“This is how all will know that you are my disciples, if you have love for one another” (Jn 13:35).
If anyone read through some of our Catholic Facebook groups or Twitter feeds, they would conclude there are very few disciples there.
Friends, let’s be honest. To the general public, we are not always recognizable as disciples on social media. Even if we don’t initiate the negative post, we often become enraged by something we read and respond with anger or self-righteousness. Being right—not being loving—has become our hallmark.As people of the paschal mystery, let us be recognized, even online, by our love for one another. Click To Tweet
In preparation for the Synod on Synodality, the Vatican issued a vademecum, or handbook, for everyday Catholics to reflect on what it looks like when we truly listen and dialogue with one another. The handbook gives us several attitudes we can embrace in our conversations, online or in person.

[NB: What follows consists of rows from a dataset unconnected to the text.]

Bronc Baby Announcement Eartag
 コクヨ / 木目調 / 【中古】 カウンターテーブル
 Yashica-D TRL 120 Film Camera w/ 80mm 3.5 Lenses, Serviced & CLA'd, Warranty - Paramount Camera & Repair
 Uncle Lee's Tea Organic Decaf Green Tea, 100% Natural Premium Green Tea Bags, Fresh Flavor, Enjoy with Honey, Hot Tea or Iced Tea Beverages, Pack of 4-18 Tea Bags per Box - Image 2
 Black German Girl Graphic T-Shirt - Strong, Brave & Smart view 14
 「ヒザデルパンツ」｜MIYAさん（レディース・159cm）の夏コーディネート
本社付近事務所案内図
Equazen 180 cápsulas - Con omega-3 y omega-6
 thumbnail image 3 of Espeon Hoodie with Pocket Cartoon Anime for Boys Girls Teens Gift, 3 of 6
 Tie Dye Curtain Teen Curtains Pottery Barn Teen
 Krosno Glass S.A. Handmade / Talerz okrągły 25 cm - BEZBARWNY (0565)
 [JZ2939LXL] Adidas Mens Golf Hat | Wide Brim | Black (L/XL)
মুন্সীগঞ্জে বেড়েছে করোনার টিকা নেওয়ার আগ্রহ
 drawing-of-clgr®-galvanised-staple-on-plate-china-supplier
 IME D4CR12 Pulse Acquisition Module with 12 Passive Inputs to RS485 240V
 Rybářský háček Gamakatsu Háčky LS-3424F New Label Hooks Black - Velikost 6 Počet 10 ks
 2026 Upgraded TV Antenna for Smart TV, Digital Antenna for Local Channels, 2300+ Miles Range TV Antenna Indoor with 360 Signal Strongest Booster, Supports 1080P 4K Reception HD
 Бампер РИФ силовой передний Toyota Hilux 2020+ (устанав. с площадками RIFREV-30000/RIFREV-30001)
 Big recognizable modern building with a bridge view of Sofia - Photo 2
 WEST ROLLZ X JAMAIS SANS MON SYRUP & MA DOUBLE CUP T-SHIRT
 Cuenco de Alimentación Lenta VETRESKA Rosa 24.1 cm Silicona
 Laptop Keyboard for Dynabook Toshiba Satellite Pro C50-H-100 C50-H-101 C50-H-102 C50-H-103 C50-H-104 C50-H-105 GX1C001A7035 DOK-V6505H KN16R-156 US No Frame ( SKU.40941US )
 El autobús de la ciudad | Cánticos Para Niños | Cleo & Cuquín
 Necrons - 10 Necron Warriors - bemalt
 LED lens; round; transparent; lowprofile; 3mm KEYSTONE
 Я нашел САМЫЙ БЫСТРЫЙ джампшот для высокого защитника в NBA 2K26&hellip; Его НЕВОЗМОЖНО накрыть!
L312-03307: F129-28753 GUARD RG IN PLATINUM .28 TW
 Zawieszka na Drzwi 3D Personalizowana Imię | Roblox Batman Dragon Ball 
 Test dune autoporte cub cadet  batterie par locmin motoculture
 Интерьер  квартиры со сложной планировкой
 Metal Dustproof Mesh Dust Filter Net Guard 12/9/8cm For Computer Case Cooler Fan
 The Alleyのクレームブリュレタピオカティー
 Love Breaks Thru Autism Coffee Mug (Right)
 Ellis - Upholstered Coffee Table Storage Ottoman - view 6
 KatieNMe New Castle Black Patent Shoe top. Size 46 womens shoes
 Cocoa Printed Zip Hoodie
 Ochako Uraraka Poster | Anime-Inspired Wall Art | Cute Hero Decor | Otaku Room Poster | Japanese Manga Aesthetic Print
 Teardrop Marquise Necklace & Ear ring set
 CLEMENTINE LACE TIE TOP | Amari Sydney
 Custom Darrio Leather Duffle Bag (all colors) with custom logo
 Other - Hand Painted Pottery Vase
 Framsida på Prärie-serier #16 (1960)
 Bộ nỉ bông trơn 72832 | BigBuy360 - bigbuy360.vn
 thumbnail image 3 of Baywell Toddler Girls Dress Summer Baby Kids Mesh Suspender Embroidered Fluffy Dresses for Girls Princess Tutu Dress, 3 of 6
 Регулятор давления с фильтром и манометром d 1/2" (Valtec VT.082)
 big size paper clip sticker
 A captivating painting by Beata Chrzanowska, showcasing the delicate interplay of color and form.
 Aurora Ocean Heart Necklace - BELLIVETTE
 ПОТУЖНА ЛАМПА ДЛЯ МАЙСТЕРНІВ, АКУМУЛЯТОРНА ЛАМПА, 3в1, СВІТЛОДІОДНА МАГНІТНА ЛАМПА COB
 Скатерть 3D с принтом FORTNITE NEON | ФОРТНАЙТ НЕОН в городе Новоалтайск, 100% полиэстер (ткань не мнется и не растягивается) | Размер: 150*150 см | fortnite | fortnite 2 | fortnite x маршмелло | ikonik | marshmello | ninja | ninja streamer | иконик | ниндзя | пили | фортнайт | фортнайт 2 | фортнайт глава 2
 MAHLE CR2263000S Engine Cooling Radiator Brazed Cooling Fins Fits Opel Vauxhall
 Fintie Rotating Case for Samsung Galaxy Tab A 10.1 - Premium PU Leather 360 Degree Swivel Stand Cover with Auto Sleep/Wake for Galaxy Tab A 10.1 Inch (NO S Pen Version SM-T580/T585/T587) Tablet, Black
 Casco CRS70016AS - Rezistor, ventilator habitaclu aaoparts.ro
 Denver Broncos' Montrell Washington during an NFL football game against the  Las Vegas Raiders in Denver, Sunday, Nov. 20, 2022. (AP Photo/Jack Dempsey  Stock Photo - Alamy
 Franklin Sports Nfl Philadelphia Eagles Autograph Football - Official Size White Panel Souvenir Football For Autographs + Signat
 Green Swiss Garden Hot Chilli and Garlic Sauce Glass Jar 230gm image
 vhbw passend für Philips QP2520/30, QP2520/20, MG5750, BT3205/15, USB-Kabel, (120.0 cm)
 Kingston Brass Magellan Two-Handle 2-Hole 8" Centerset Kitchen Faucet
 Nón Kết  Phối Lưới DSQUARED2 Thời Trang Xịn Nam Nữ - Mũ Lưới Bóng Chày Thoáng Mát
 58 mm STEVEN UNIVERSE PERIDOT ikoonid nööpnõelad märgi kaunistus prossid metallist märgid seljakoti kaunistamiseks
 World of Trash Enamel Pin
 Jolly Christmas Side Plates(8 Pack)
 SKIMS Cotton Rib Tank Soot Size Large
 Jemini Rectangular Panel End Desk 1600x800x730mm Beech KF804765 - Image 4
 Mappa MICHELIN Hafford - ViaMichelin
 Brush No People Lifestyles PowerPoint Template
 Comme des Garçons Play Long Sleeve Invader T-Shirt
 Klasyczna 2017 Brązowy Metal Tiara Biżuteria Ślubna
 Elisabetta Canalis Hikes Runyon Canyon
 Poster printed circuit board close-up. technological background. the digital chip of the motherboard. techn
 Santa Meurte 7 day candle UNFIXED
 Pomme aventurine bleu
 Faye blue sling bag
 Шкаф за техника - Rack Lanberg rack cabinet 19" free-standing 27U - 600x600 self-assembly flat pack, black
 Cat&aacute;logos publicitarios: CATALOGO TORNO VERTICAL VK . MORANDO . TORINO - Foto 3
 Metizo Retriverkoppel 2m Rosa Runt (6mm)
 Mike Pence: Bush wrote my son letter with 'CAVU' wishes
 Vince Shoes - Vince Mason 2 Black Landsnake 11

Dialogue “is not about engaging in a debate to convince others. Rather, it is welcoming what others say as a way by which the Holy Spirit can speak for the good of all.” With dialogue, “we must be willing to change our opinions based on what we have heard from others.” In dialogue, people’s lived faith is more important than ideologies. And dialogue must “give rise to hope.”
As people of the paschal mystery, let us be recognized, even online, by our love for one another.
This post was first published in “GIA Quarterly: A Liturgical Music Journal.”
Image credit: Photo by wbritten from Getty Images Signature.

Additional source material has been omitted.